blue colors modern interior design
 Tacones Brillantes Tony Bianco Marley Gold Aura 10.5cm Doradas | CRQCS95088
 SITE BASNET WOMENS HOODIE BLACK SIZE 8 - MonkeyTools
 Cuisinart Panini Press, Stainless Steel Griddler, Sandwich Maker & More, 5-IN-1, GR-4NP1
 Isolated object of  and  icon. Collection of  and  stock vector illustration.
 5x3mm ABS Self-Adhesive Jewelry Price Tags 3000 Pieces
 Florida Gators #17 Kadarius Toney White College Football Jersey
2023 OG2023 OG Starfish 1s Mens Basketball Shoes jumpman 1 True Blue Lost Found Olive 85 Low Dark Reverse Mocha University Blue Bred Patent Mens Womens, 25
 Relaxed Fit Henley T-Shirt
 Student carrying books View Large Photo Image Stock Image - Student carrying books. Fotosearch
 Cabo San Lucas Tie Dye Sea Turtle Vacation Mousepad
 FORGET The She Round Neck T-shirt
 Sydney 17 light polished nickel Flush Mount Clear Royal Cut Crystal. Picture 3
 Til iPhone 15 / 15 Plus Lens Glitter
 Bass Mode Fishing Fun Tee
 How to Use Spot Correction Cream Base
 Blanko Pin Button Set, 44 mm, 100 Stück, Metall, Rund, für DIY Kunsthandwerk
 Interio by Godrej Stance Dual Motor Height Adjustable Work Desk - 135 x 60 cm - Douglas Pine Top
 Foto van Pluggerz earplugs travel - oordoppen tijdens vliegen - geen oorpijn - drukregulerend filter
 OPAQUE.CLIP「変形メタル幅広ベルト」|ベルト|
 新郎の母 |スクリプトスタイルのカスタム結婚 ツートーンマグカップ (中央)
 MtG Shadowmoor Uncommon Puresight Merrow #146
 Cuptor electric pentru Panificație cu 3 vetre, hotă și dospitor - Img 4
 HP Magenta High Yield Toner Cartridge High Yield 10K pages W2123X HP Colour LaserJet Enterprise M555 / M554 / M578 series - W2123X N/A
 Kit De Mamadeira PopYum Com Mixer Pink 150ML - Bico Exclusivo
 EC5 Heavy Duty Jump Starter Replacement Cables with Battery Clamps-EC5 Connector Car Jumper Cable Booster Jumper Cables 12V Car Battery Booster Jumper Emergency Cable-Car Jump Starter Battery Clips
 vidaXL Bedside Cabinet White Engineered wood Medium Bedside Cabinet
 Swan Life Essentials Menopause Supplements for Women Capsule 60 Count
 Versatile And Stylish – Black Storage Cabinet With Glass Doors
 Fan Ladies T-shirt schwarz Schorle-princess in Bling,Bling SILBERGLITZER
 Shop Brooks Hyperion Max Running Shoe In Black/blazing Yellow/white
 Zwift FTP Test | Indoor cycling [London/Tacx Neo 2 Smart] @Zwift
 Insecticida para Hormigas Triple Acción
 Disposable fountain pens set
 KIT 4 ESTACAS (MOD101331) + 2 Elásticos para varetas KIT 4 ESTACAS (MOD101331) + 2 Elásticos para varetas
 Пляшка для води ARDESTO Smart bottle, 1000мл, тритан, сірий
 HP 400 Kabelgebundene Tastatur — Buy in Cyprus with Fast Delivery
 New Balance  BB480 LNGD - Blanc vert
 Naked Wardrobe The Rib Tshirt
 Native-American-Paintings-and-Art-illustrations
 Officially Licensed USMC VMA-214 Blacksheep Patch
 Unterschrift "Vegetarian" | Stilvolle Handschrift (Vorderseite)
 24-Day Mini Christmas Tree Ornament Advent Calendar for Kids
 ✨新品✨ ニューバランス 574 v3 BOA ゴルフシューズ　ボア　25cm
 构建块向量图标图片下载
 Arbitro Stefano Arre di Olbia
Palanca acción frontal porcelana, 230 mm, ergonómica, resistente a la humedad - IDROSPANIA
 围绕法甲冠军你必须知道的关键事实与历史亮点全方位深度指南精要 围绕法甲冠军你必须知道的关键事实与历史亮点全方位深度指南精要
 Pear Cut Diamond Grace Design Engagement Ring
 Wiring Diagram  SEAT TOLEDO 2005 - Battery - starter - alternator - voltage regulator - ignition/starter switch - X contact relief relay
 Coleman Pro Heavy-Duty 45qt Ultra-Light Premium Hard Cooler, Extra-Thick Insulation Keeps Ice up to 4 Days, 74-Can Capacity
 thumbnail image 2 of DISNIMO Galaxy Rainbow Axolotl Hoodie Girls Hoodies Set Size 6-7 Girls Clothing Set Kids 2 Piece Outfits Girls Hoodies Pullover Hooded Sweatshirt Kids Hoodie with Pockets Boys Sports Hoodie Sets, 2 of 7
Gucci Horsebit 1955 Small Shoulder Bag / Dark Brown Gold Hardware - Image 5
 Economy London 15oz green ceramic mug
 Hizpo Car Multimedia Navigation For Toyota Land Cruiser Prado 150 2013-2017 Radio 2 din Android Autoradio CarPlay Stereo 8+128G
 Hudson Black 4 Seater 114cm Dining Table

--------------------

For the string "Cabinet", filter the data and copy out each line where it occurs.

 vidaXL Bedside Cabinet White Engineered wood Medium Bedside Cabinet
 Versatile And Stylish – Black Storage Cabinet With Glass Doors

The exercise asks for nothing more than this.